Germany’s anti-Islamic Pegida movement is in tatters after five of its leading members resigned in disgust, fearing it would be hijacked by the extreme right. They announced plans to set up a more moderate rival “direct democracy” protest group.
Pegida’s demise was as sudden as it was dramatic: earlier this month the populist movement, which is an acronym for Patriotic Europeans Against Islamisation of the West, shocked German mainstream parties when a record 25,000 supporters flocked to one of its regular Monday demonstrations in the eastern city of Dresden.

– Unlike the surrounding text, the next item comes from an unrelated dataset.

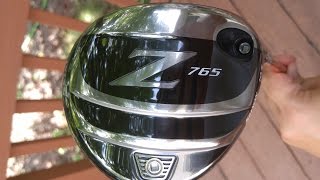 REVIEW Srixon Golf Z 765 driver [upl. by Sylado183]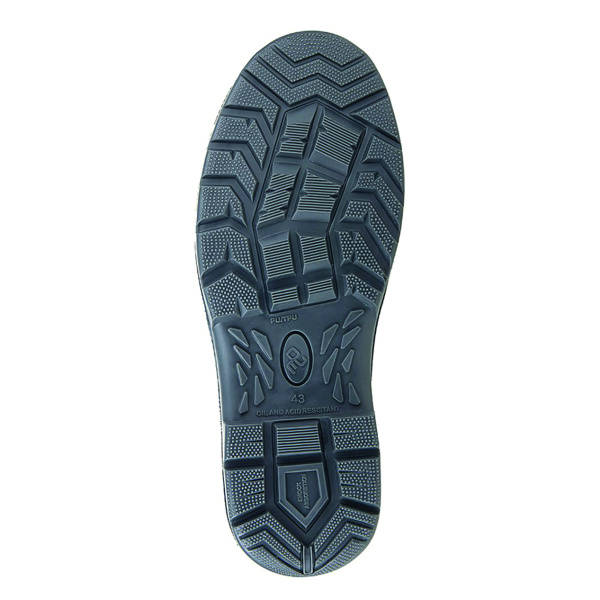 Сапоги кожаные мод. 19Т МП, ПУ/ТПУ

The movement’s adherents, whose number includes neo-Nazis and football hooligans as well as ordinary middle and lower-middle class Germans, say they fear Islam and being “swamped” by foreign immigrants. The protests have coincided with a record annual influx of more than 200,000 asylum-seekers.
Today, however, Pegida’s leadership was forced to cancel the movement’s next protest. It also faced the likelihood of further splits and confrontation with a new breakaway group which appeared to have ditched xenophobic protest in favour of a campaign for direct democracy.
“We want to re-group and re-form,” the five ex-Pegida leaders said following their resignation. “We want to fight for our objectives such as more direct democracy at a federal level,” they added, declaring that their new organisation would be named Movement for Direct Democracy in Europe.
Pegida’s disintegration began just over a week ago after the movement’s 42-year-old leader Lutz Bachmann was forced to resign following the publication of photographs from his Facebook page. They showed him wearing a toothbrush moustache, posing as Adolf Hitler. “He’s back,” read an accompanying caption. Mr Bachmann, a trained cook with convictions for drink-driving and causing bodily harm, was also found to have used racist language on Facebook. He described asylum seekers and foreign immigrants as “cattle”, “riff raff, “a pack of dirt” and concluded: “There is no such thing as real war refugees.”
The revelations and a subsequent decision by state prosecutors to investigate Mr Bachmann for alleged incitement to racial hatred prompted him to resign as Pegida leader last Wednesday. He was replaced by the movement’s more moderate spokeswoman, Kathrin Oertel, 37, the only Pegida functionary to agree to be interviewed on German television.
Today, however, Ms Oertel and four other members of the 12-strong Pegida leadership committee resigned from the organisation. She said one of the main reasons for their decision was Mr Bachmann’s continued presence on the leadership committee despite his racist Facebook comments and Hitler posturing.
“We are not prepared to go on supporting this,” Ms Oertel said. She added that there were fears Pegida was in danger of being taken over by the far right. “We are also clearly distancing ourselves from extreme right-wing tendencies,” she said.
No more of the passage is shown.